AIM OF THE TASK: Print every line below exactly. Skip the pictures.

RECORD EXCERPTS:
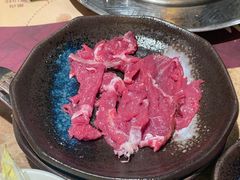 -盛宴标帜餐厅·亲子自助 (南昌喜来登酒店)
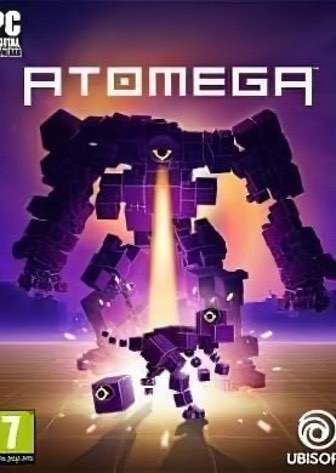 Скачать ATOMEGA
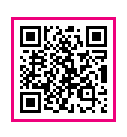 동인교회 네이버 지도 QR 코드
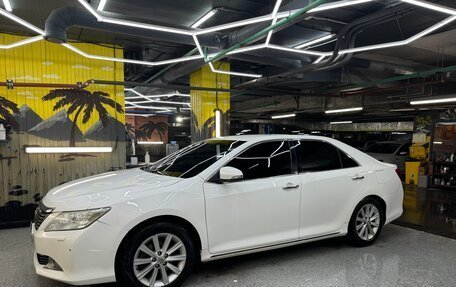 Toyota Camry, 2012 год, 1 200 000 рублей, 1 фотография
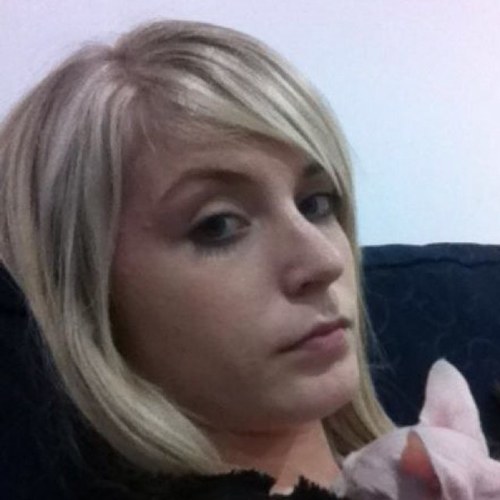 Sherrie_Gibson's profile picture. 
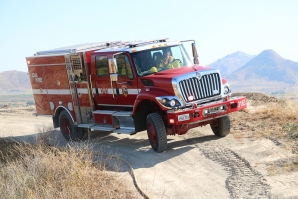firetruck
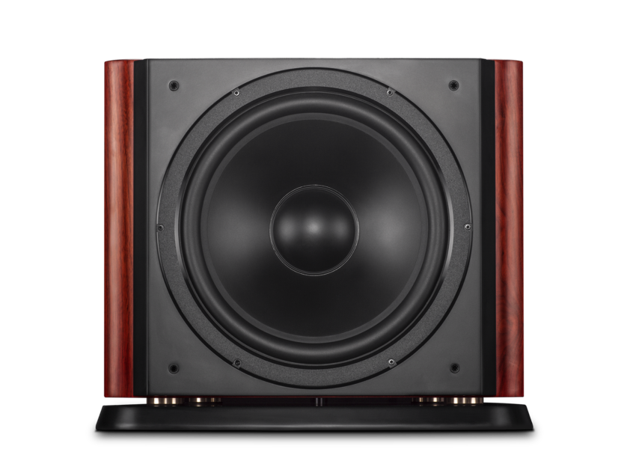 Swans Speaker Systems Sub 15B - CHRISTMAS SPECIAL!!! 60...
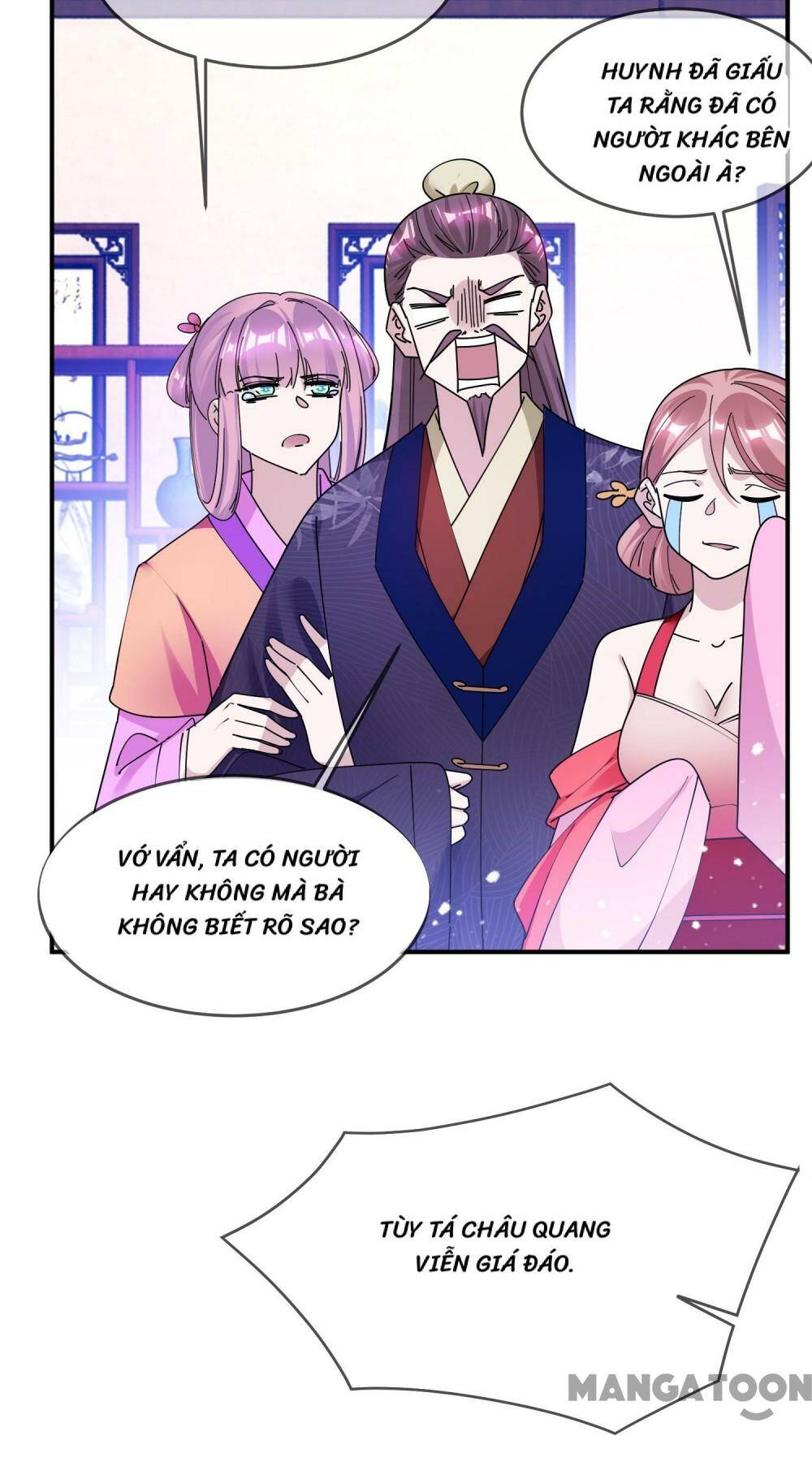 Chương 216 - Trang 20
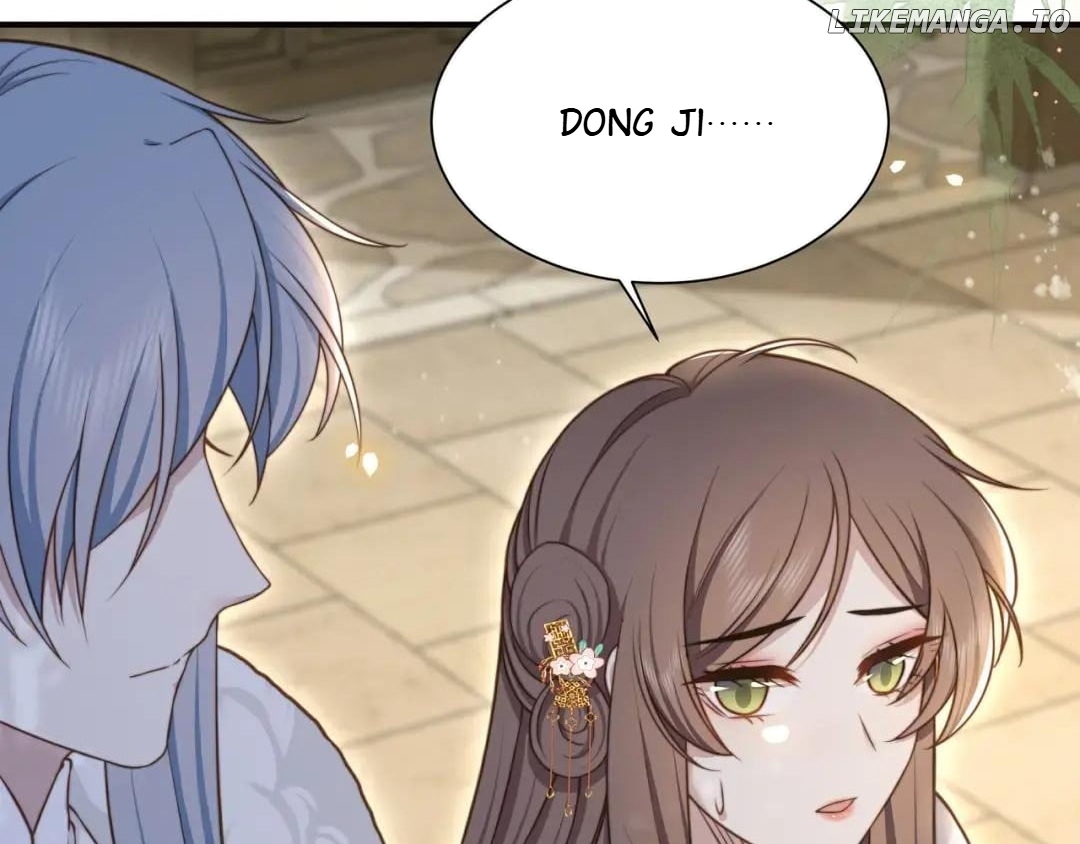 Lonely Emperor Chases His Sister-in-Law Chapter 66 - page 99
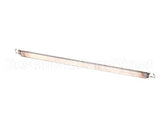25819 Nieco Push Bar, Feeder, 13"Rod Belt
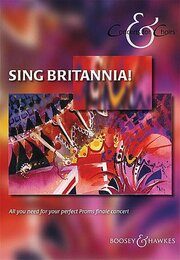 Sing Britannia!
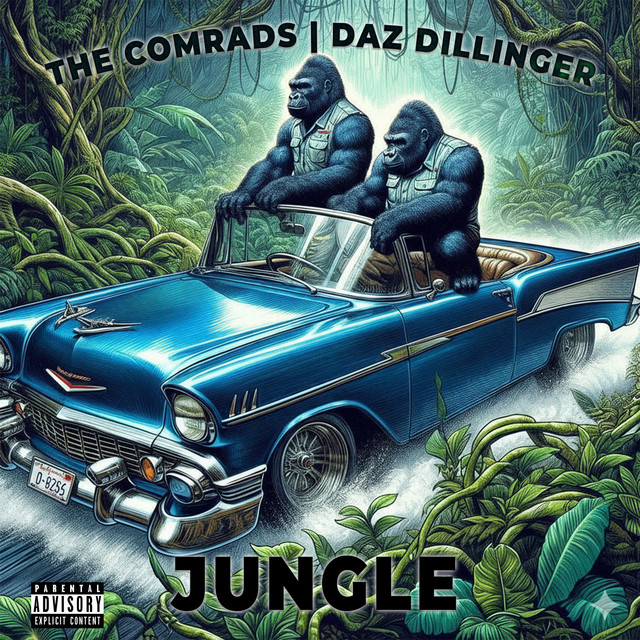 undefined album image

REPLY TO THE EXERCISE:
 -盛宴标帜餐厅·亲子自助 (南昌喜来登酒店)
 Скачать ATOMEGA
 동인교회 네이버 지도 QR 코드
 Toyota Camry, 2012 год, 1 200 000 рублей, 1 фотография
 Sherrie_Gibson's profile picture. 
firetruck
 Swans Speaker Systems Sub 15B - CHRISTMAS SPECIAL!!! 60...
 Chương 216 - Trang 20
 Lonely Emperor Chases His Sister-in-Law Chapter 66 - page 99
25819 Nieco Push Bar, Feeder, 13"Rod Belt
 Sing Britannia!
 undefined album image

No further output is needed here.